I'm still figuring out techniques and best practices for using Azure coming from a background in HPC. A lot of the documentation takes a Windows/Powershell/GUI-first approach which does not compute for me, so I'm taking notes here so I don't lose track of how to do common tasks.

So far I'm converging on using a combination of Azure CLI and Bicep as the foundational tools for standing up infrastructure in Azure. I'm not sure this is the best way to start for people who are new to both Azure itself and infrastructure-as-code since the declarative approach to IaC adds extra verbosity and syntactic complexity to operations, so I think starting with the imperative Azure CLI approach is a good place to start.

VM SKU / hypervisor conflicts

I tried this:

$ az deployment group create --resource-group glock-rg \
                             --template-file template.bicep \
                             --parameters @parameters.json

The selected VM size 'Standard_A1_v2' cannot boot Hypervisor Generation '2'. If
this was a Create operation please check that the Hypervisor Generation of the
Image matches the Hypervisor Generation of the selected VM Size.
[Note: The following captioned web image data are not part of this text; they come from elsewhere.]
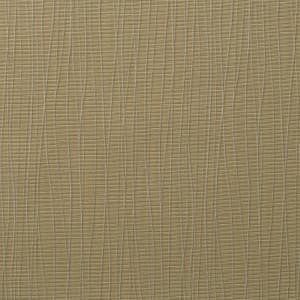 TWIN 3002 - TAUPE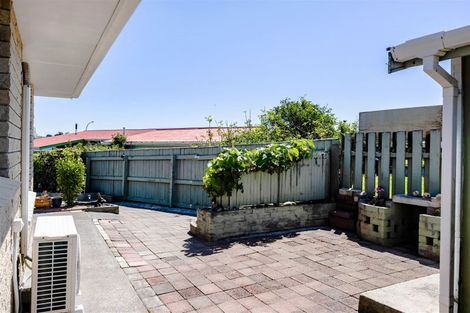Photo of property in 189b Parklands Avenue, Bell Block, New Plymouth, 4312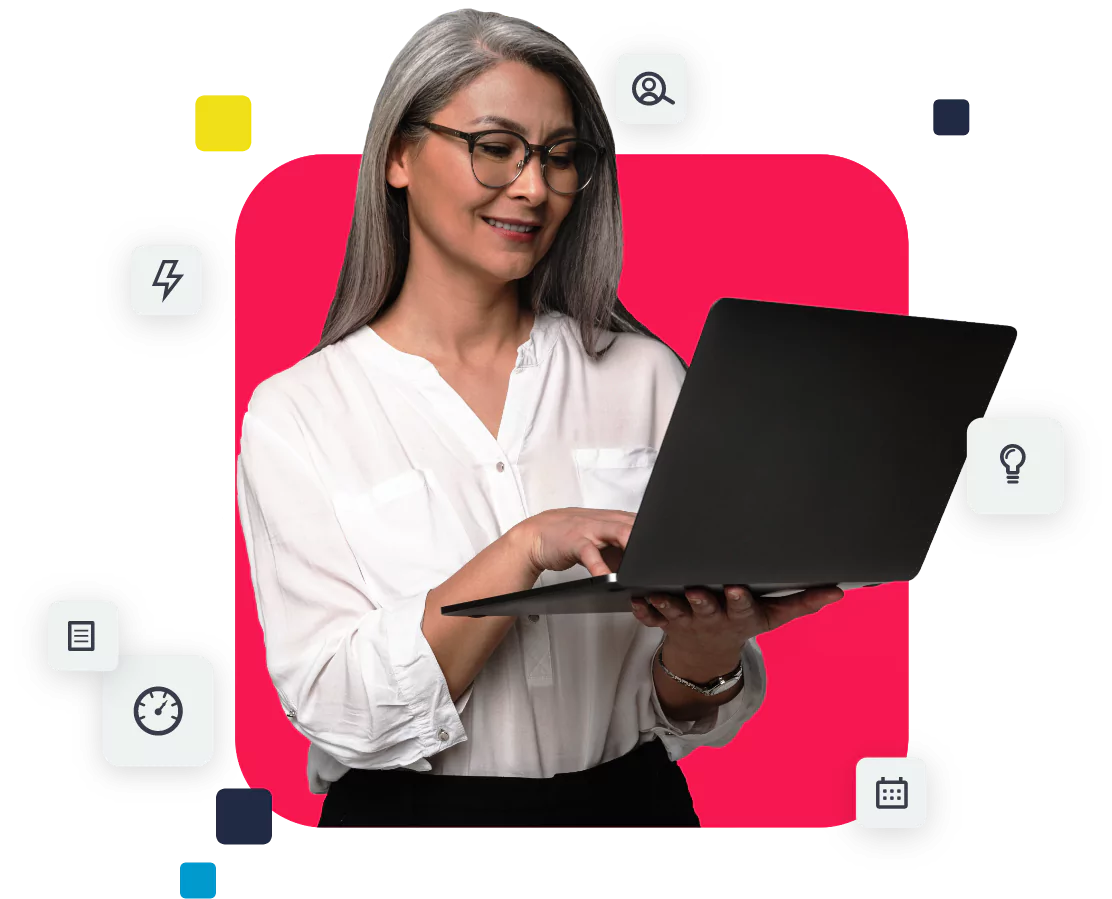 Subscribe to Alumni News | EnterpriseAlumni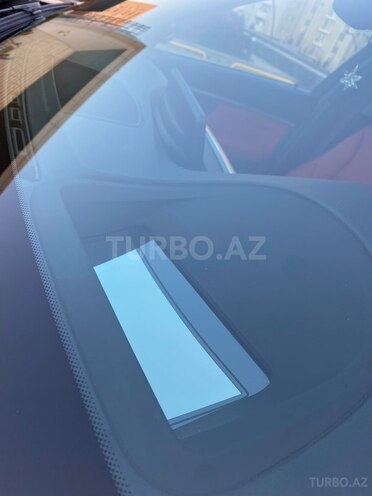 BMW 328-14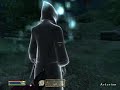 Weird Oblivion spawns Weird Oblivion spawns
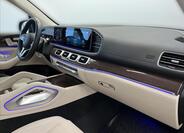 Mercedes-Benz GLE 14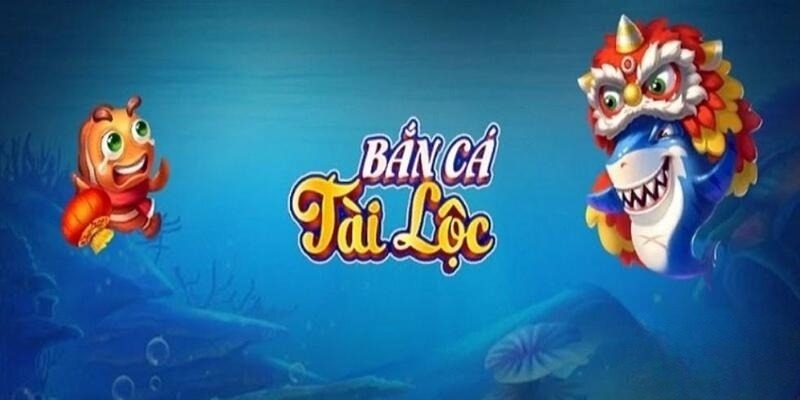 79k99 đăng nhập lô đề rút tiền nhanh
If this was
an Update operation please select a Hypervisor Generation '2' VM Size.

It turns out this is because my properties.storageProfile.imageReference.sku was 18_04-lts-gen2 - the gen2 was the incompatible part. To find all the compatible VMs:

$ az vm image list-skus --location westcentralus --publisher Canonical --offer UbuntuServer --output table
Location       Name
-------------  --------------------
westcentralus  12.04.5-LTS
westcentralus  14.04.0-LTS
westcentralus  14.04.1-LTS
westcentralus  14.04.2-LTS
...

See this page for the full documentation.

Query filtering

Figuring out what you can do in a subscription often involves running a bunch of az XYZ list -o table commands and poring through the results. For example, you may wish to look up how much quota you have for H-series VMs:

az vm list-usage --location "East US" -o table | grep 'Standard H'

But a better way to do this may be to filter the query as such:

az vm list-usage --location "East US" --query '[?contains(name.localizedValue, `Standard H`)]' -o table

This works because the az vm list-usage command returns a list of dicts of the form

[
  {
    "currentValue": "0",
    "limit": "8",
    "localName": "Standard H Family vCPUs",
    "name": {
      "localizedValue": "Standard H Family vCPUs",
      "value": "standardHFamily"
    }
  },
  ...
]

Searching for capacity

Specialized VM types (like those used in HPC) are not available in all regions, so requesting quota for them requires knowing which region to target. I haven't figured out the API for this yet, but there is a website that lets you search for service availability by region. To search for NDv2 (8-way NVIDIA V100 instances), you can check out this example.